Task brief |
Find the line containing "Fonni, scorcio con", then print it and each following line through the end of the records, exactly and with nothing added; leave out any pictures.

Crawled caption data |
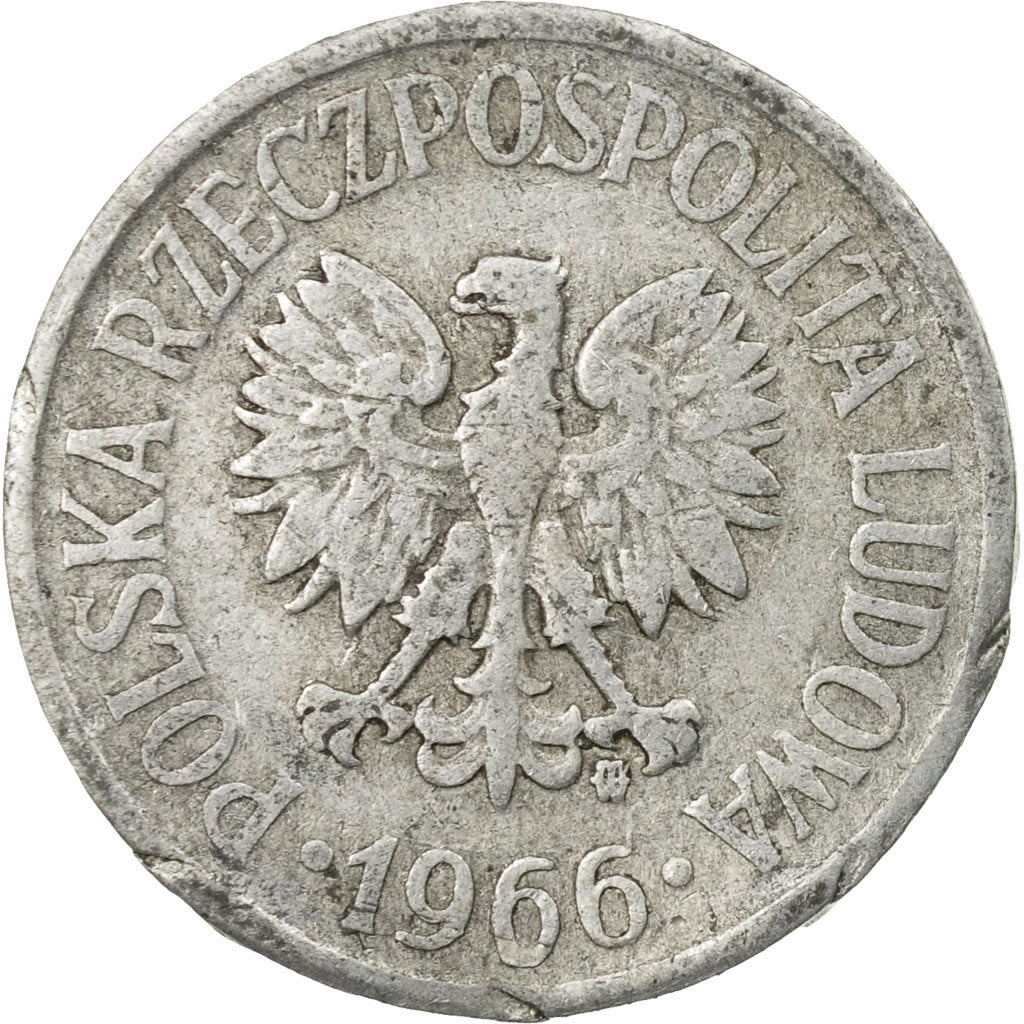 Moneta, Polonia, 20 Groszy, 1966, Warsaw, MB, Alluminio, KM:A47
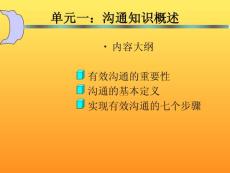 有效的溝通技巧培訓(xùn)講義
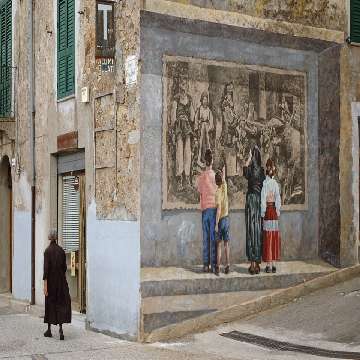 Fonni, scorcio con Murale del Pilloni [360x360]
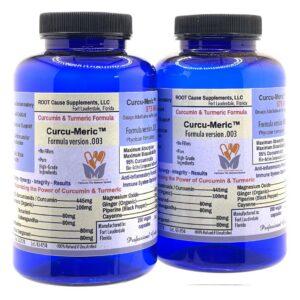 Curcu-Meric 975mg - Formula Version .003 w/ Citrus Bergamot & Ashwagandha (2 Bottles)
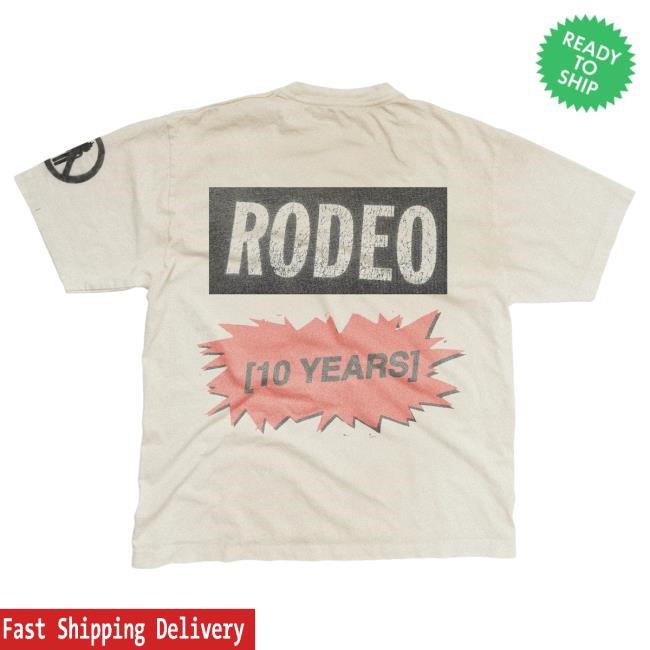 Official Travis Scott Rodeo 10 Years Chain Tee TravisScott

Solution to this problem |
 Fonni, scorcio con Murale del Pilloni [360x360]
 Curcu-Meric 975mg - Formula Version .003 w/ Citrus Bergamot & Ashwagandha (2 Bottles)
 Official Travis Scott Rodeo 10 Years Chain Tee TravisScott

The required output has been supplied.